Home Cooking by Laurie Colwin


There’s a fine balance between intimacy and oversharing. We live in an era where the two are often conflated and confused, where it’s easy enough to mistake the display of both mundane minutia and overly chronicled major life events for closeness. In our hearts, though, we understand this is not closeness. How do we know? One clue: intimacy doesn’t breed loneliness.

An experience of true closeness with another person, even if only brief, can have a lasting impact. The encounter can render us more empathic, more humane, able to fill out our own skin more wholly. Closeness can change a mood, add an actual spring to one’s step, give us the energy to attempt a more intimate relationship with ourselves. These things feel good, and so we seek out close connections everywhere, from our friends and our lovers and our social media accounts and our writers.
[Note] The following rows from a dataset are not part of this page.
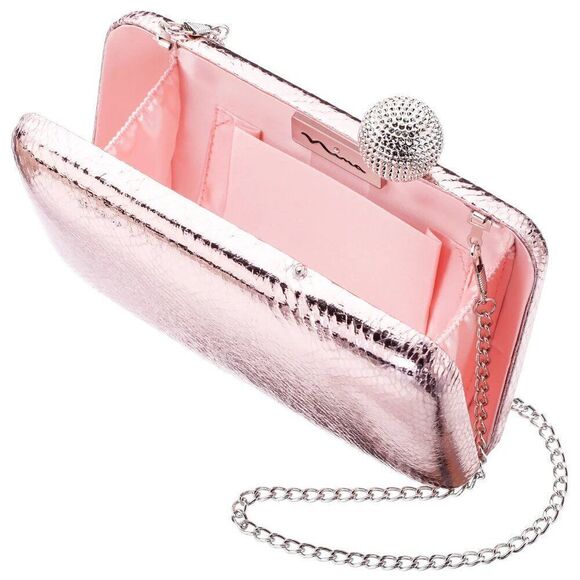 ✨ NINA ✨ NEW! Kimberly Minaudière Crystal Clasp Metallic Clutch - [ Light Pink] - Picture 3 of 12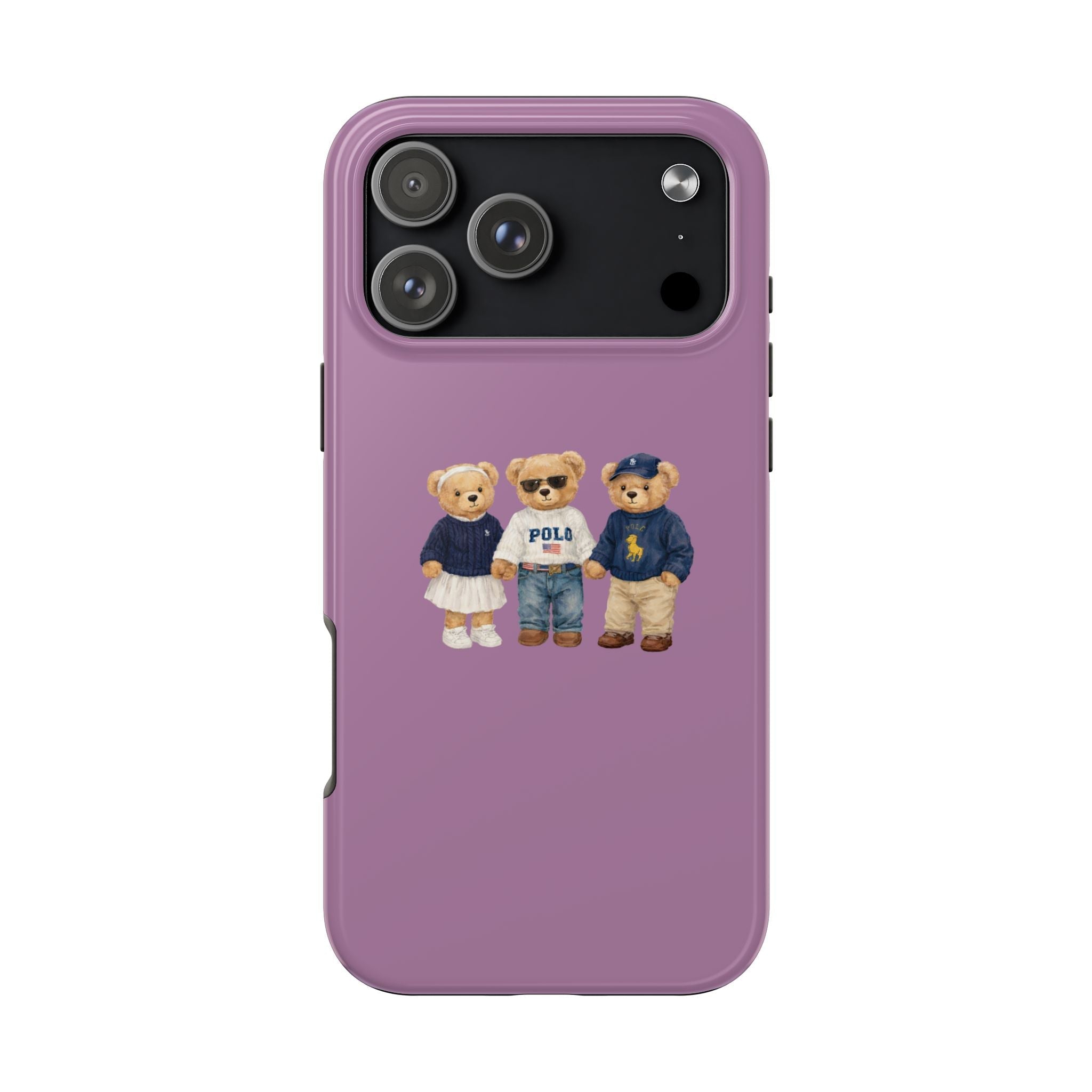 Purple phone case with three teddy bear figures on a solid purple back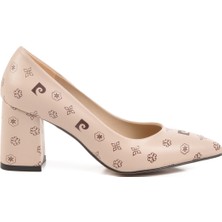 Bej Topuklu Kadın Abiye Ayakkabı 50176 Z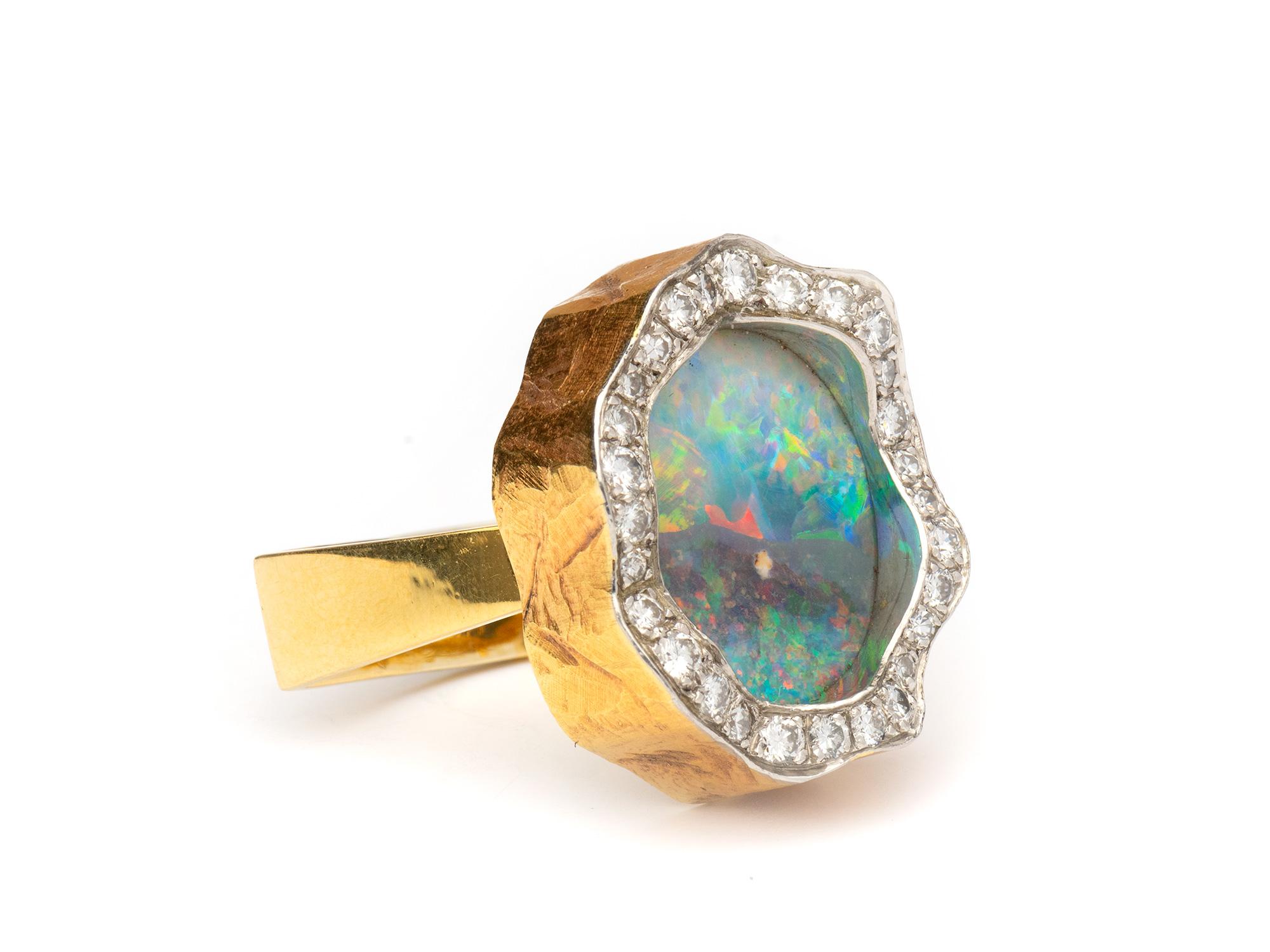 Grima Opal and Diamond Ring In Good Condition In San Antonio, TX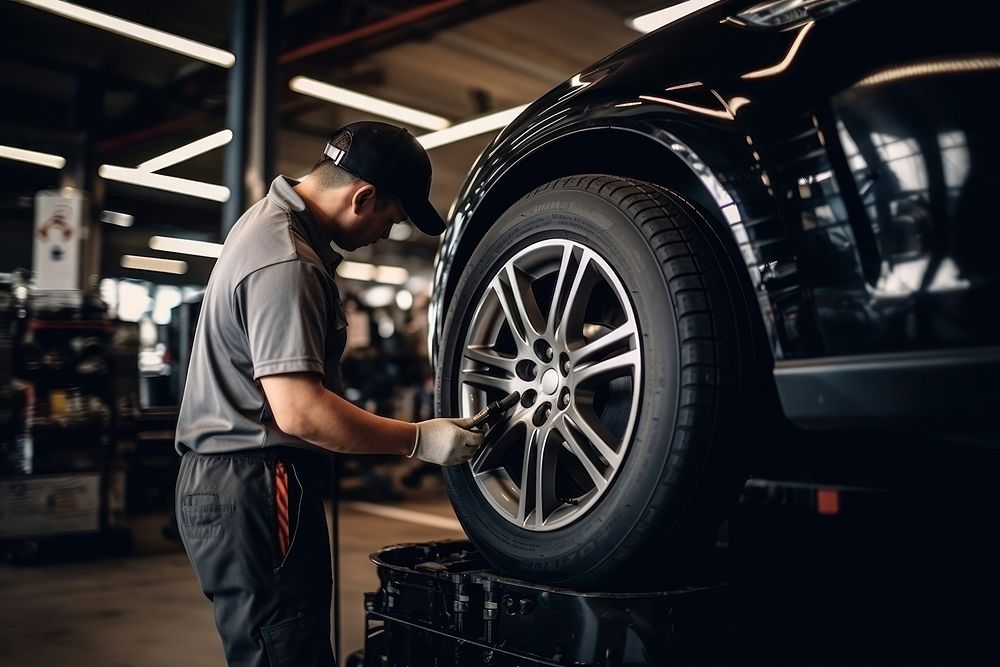 Maintenance tire vehicle wheel. AI generated Image by rawpixel.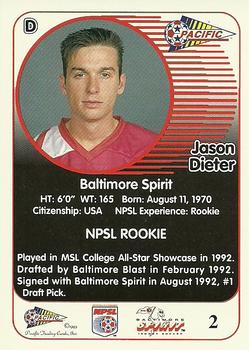 1993 Pacific NPSL #2 Jason Dieter Back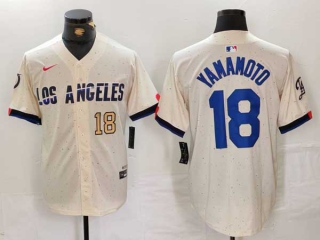 Men's MLB Los Angeles Dodgers #18 Yoshinobu Yamamoto Cream Gold Number 2024 City Connect Limited Stitched Jersey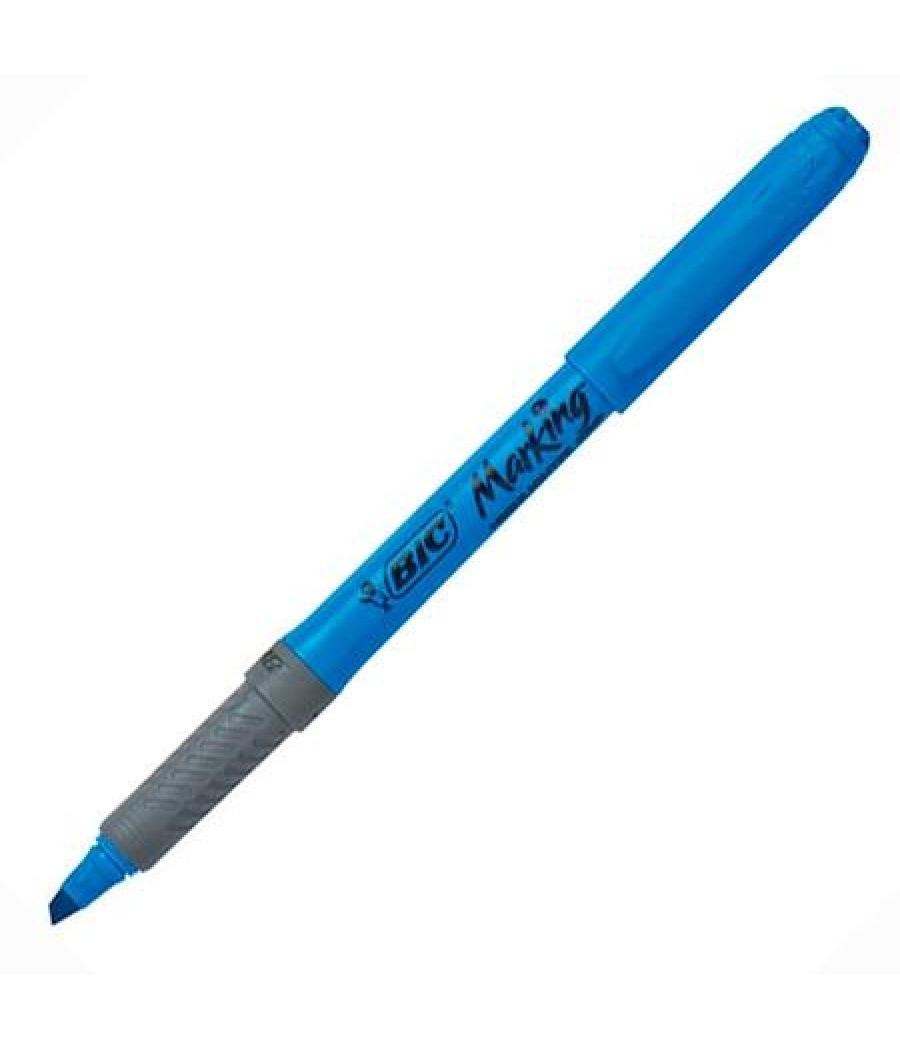 Bic marcador fluorescente highlight grip punta biselada azul caja -12u-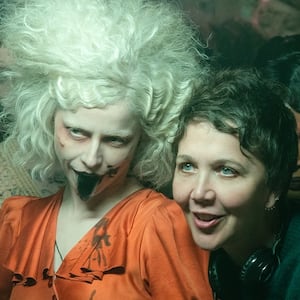 (L-R) Jessie Buckley and director Maggie Gyllenhaal on the set of The Bride!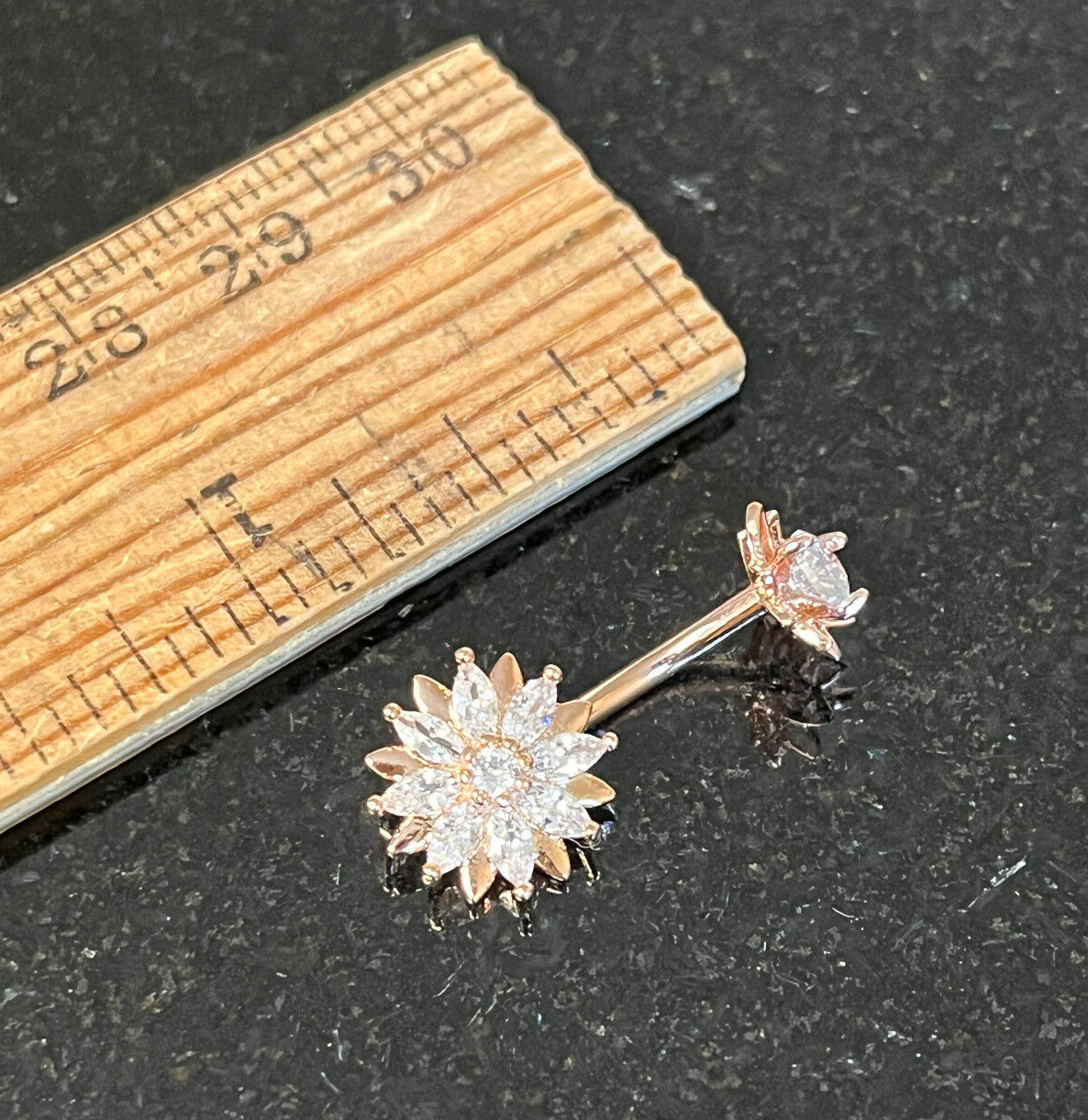 1pc Marquise CZ Gem Flower Belly Button Ring Internally Threaded Navel Naval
The genres of memoir and the personal essay are an obvious place to look for connection. But they are tricky forms. In my experience, these types of writings can lean toward more ego-syntonic productions than anything else: the author provides anecdotes that paint a particular self-picture rather than relate a true experience, gives graphic details to support that picture without offering thoughtful reflection. Of course, this is not always the case—I have personally read many books written in the first person that have opened my mind and my heart in enduring ways. Home Cooking by Laurie Colwin being one of them.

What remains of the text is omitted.